La narrazione mediatica, affrettata e spietata, lo ha bollato come “bust”, mentre i Sixers lo scaricavano silenziosamente dopo appena due stagioni. Oggi, Fultz è riuscito a reinventarsi a Orlando come solido veterano, guida silenziosa di una squadra in crescita. Ma resta uno dei casi più emblematici della generazione post-2000: un talento purissimo, frenato da un corpo che non ha retto all’impatto e da un contesto che non ha saputo proteggerlo. Un monito per chi ancora crede che essere la prima scelta significhi automaticamente lasciare un segno nella storia dell’NBA.

Fultz
(Foto di David Jensen/Getty Images)

Kwame Brown

Kwame Brown è da molti considerato il primo grande “what if” della NBA post-2000. Prima scelta assoluta al Draft del 2001, selezionato direttamente dall’high school dai Washington Wizards guidati da Michael Jordan, il suo nome porta con sé una promessa mai realizzata. Brown entrò nella lega con un carico enorme di aspettative, non solo per il talento mostrato a livello liceale — dove era il miglior rimbalzista e stoppatore della storia della Glynn Academy — ma anche per il peso simbolico della sua chiamata: il primo numero uno assoluto della storia scelto senza passare dal college. Eppure, la sua carriera NBA si è sviluppata all’insegna dell’inconsistenza.

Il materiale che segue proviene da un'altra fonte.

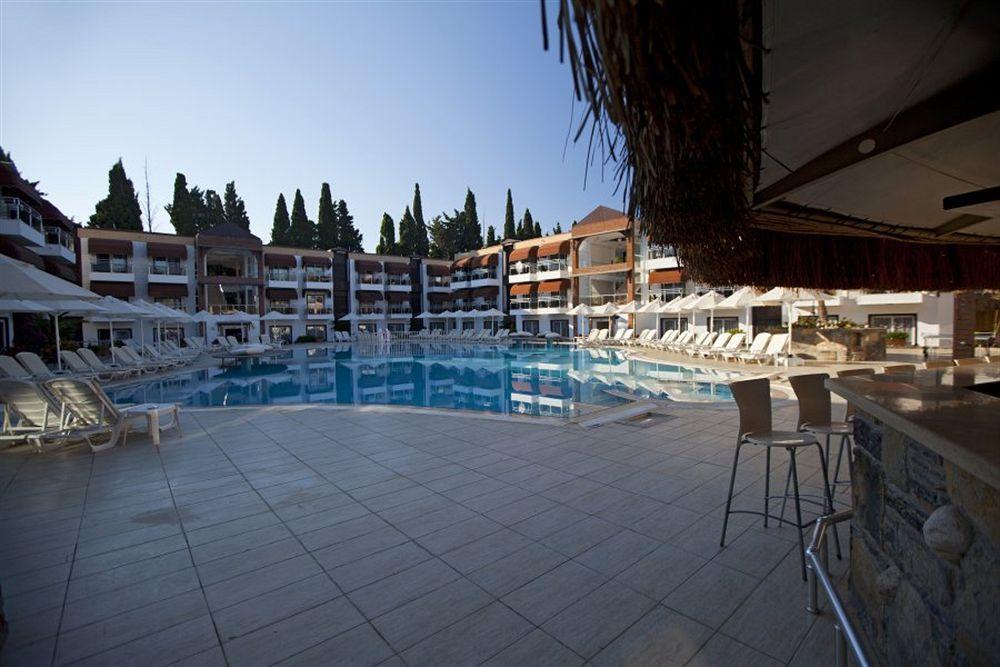 Bitez Risa Hotel 외부 사진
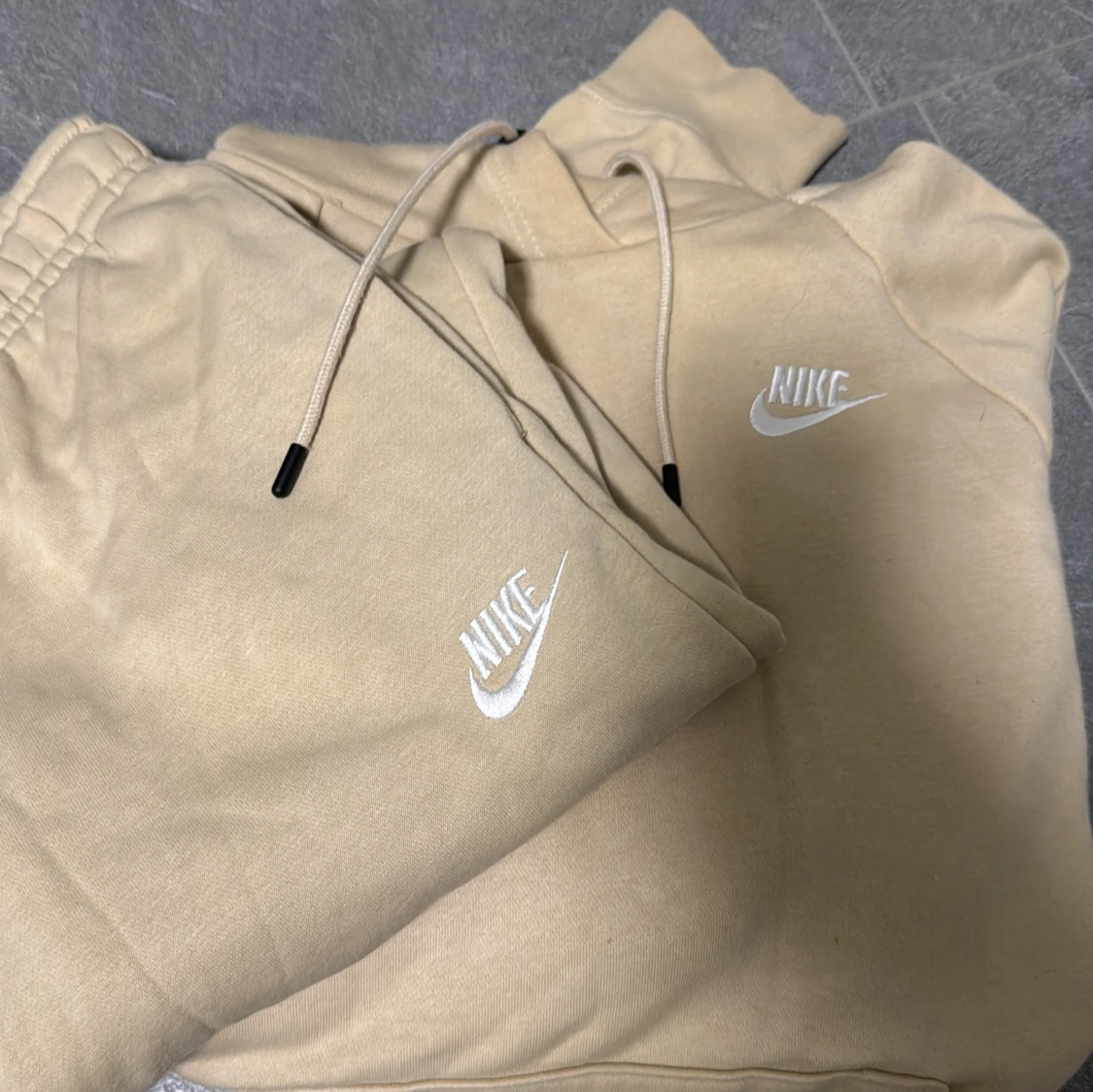 Beige sett  från Nike med logga
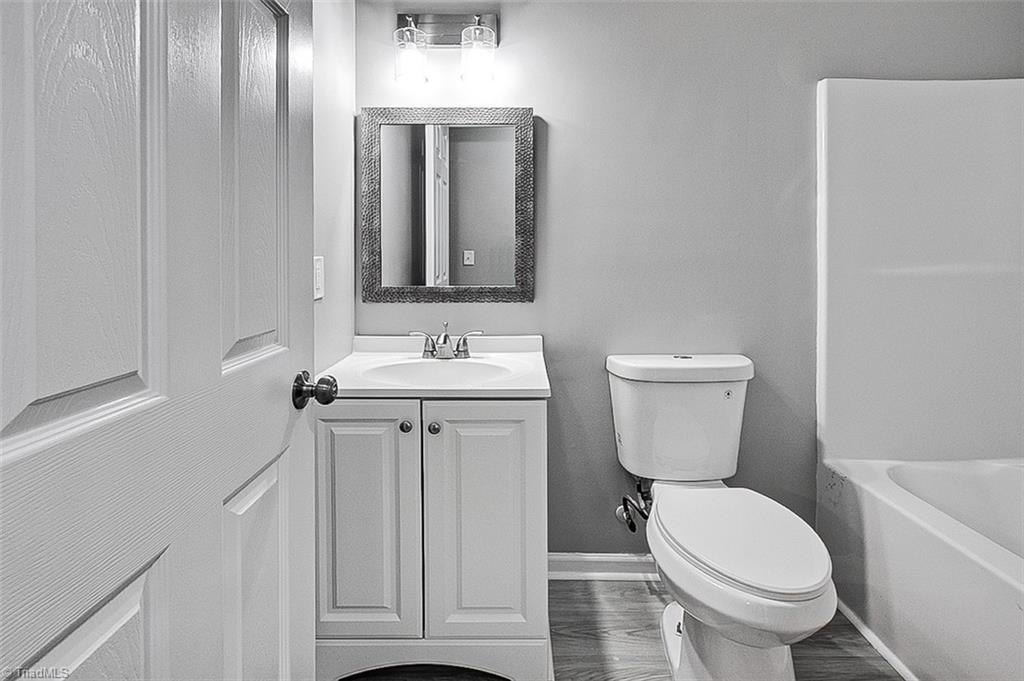 213 Paramount Street High Point, NC 27260 - Photo 21 of 26 Gallery Image 21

Dopo una stagione da rookie deludente e un progressivo ma limitato miglioramento, Brown non riuscì mai a consolidarsi come giocatore d’élite. Infortuni, difficoltà relazionali e una gestione discutibile da parte della franchigia e dei veterani — come sottolineato da Al Harrington — contribuirono a frenare la sua crescita. Nonostante sprazzi di talento, come i 30 punti e 19 rimbalzi contro Sacramento nel 2004, Brown non fu mai all’altezza dello status che gli era stato cucito addosso. Passato tra Lakers, Grizzlies, Pistons e altri, il suo nome è diventato sinonimo di “bust“, ovvero promessa non mantenuta. Ma la storia di Kwame Brown è anche il riflesso di un sistema che, a volte, brucia i suoi giovani talenti invece di costruirli.

Kwame Brown
(Foto di G Fiume/Getty Images)

Anthony Bennett

Anthony Bennett è diventato, suo malgrado, uno dei simboli più emblematici delle scelte sbagliate nella storia recente del Draft NBA. Prima scelta assoluta nel 2013, selezionato dai Cleveland Cavaliers, Bennett rappresentava — almeno sulla carta — il prototipo del lungo moderno: esplosività e tiro dalla media. Eppure, il salto tra il college e il professionismo si è rivelato un baratro. Dopo una sola stagione a UNLV, ricca di potenziale ma non priva di limiti evidenti, il canadese è stato scelto al primo posto in un draft privo di certezze, anche grazie a una sapiente campagna di marketing del suo entourage, che ne ha esaltato le doti nascondendone le lacune.

Il campo, però, non perdona. Le sue prime prestazioni in NBA sono state disastrose: 1/21 al tiro nelle prime sette gare, difficoltà evidenti nella lettura di gioco, scarsa tenuta mentale e fisica. In breve tempo, è diventato il primo “bust” conclamato dell’era post-2000 ad aver indossato la corona di first overall pick. Le successive tappe — da Minnesota a Toronto, da Brooklyn al fallimentare passaggio in Eurolega con il Fenerbahçe — non hanno fatto che confermare una traiettoria discendente. Oggi, Bennett è ricordato non per ciò che ha fatto, ma per ciò che avrebbe potuto fare.